Season Preview Part One: Starting Pitchers

Leading up to UConn baseball opening day on Feb. 13 at Florida Atlantic, will take an in-depth look at the 2015 squad with player profiles and position-by-position breakdowns. Up first, a look at the UConn relief pitchers and a feature on junior Nico Darras.

By Chris Jones, special to

STORRS, Conn. -- When you see junior Nico Darras pitch, it is a little unorthodox. Darras is a right-handed submarine pitcher, who at times will pitch a little more from a sidearm slot. The delivery is far from ordinary but it fits Darras' style.

Darras isn't afraid to be different, to take the path less traveled, in his mind it will still get him to the places he wants to go. In order to understand this you have to know Nico's story.

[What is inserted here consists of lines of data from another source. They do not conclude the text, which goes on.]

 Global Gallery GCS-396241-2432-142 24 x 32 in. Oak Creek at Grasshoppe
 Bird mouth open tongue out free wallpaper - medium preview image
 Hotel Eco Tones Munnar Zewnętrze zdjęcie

Darras grew up on the shores of the Pacific Ocean, in Laguna Beach, California. Once you meet Darras you instantly get that California vibe. Bringing up surf stories, using west coast vernacular, it's a clear giveaway of where Darras is from.

Darras played his high school ball at JSerra Catholic High School, a member of the Trinity League, one of the top athletic conferences in the country. There, Darras was one of the top baseball players in the state, earning numerous accolades.

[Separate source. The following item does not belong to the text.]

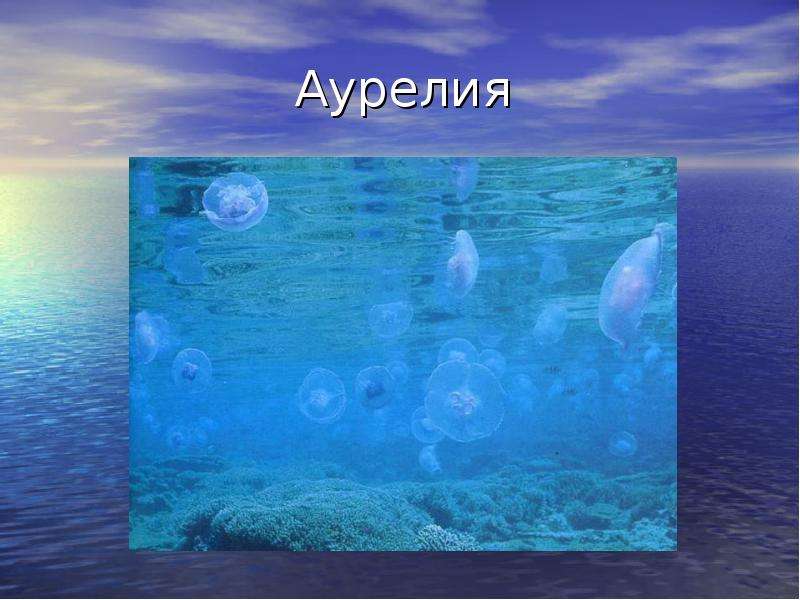 Влияние океанов на природу. Аурелия в жизни человека. Аурелия значение в природе. Аурелия значение в жизни человека. Океан на Маркуса.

"High school baseball in California was a cool experience, my high school coach Brett Kay, who was a Cal State Fullerton alum, ran it very similar to a college program," said Darras.

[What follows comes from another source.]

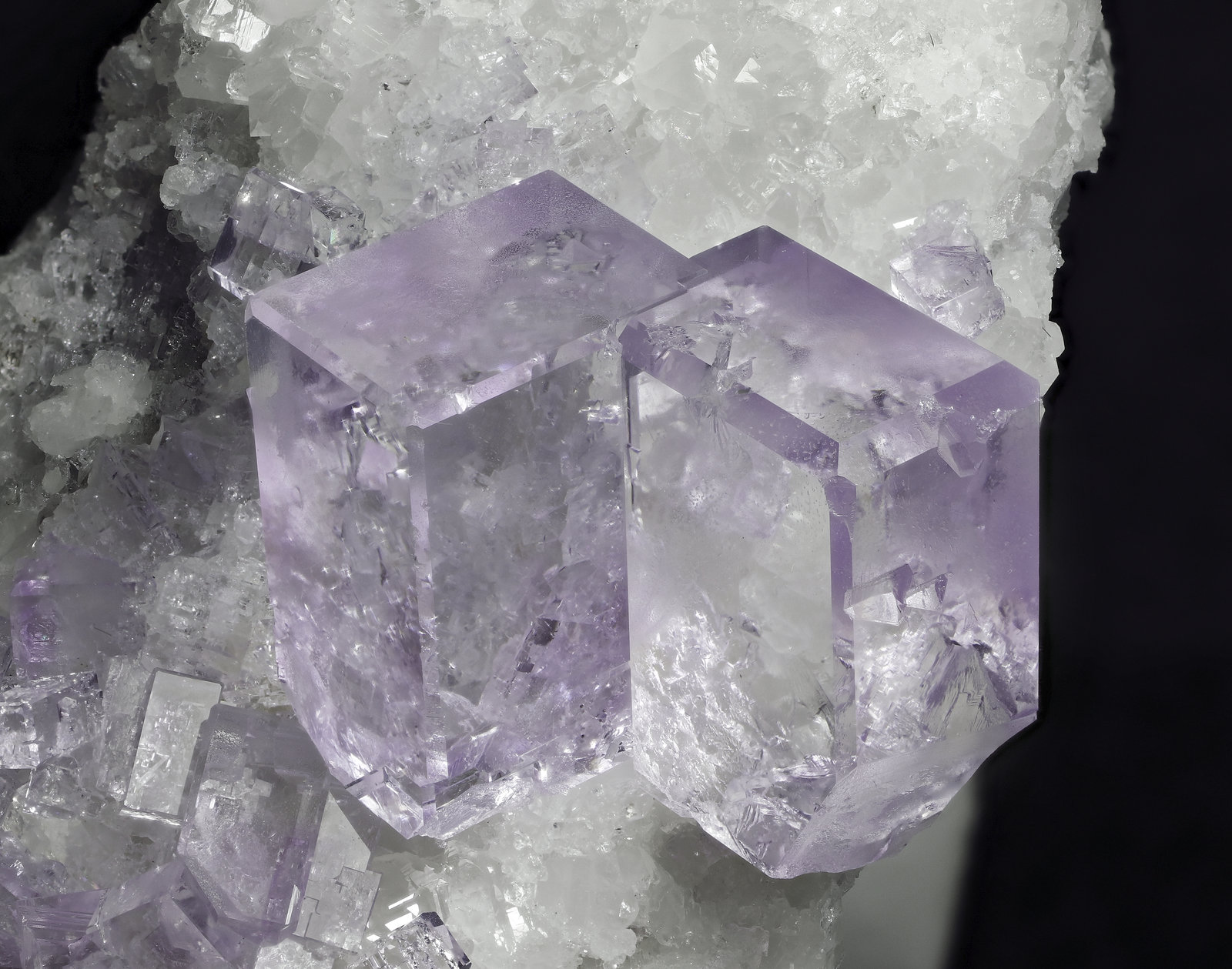 specimens/s_imagesAM1/Fluorite-NT90AM1_3595_d2.jpg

"I felt very prepared going into college, had a good footing in terms of what I was expected to do and what was expected of me.

"I was fortunate, I had a great group of kids around me that we were lucky to have a ton of scouts at each of our games," said Darras. "It was great being a two-time All-American but it wouldn't have happened if I didn't have a great group around me and a great coaching staff."

After graduating from JSerra, Darras went to one of the top baseball programs in the country, a school that was practically in his backyard, Cal State Fullerton. Darras played there his freshmen year before having to making a life changing decision.

"I know one day baseball will end and UConn has an unbelievable academic side that I really wanted to be a part of," said Darras.  "It was a really tough decision for me and my family. I moved away to UConn which was 3,000 miles from home. Everything I knew, I had to leave it behind but school is so important. I've been lucky enough to be on the honor roll twice in a row at UConn and to me academics are first. I'm a student-athlete in that order."

For Darras it was a leap of faith. He knew he wanted to go to a school like UConn that had such good academics but he couldn't take any action until he had left Fullerton. After leaving Fullerton it wasn't a guarantee that UConn would have a spot for him on the team.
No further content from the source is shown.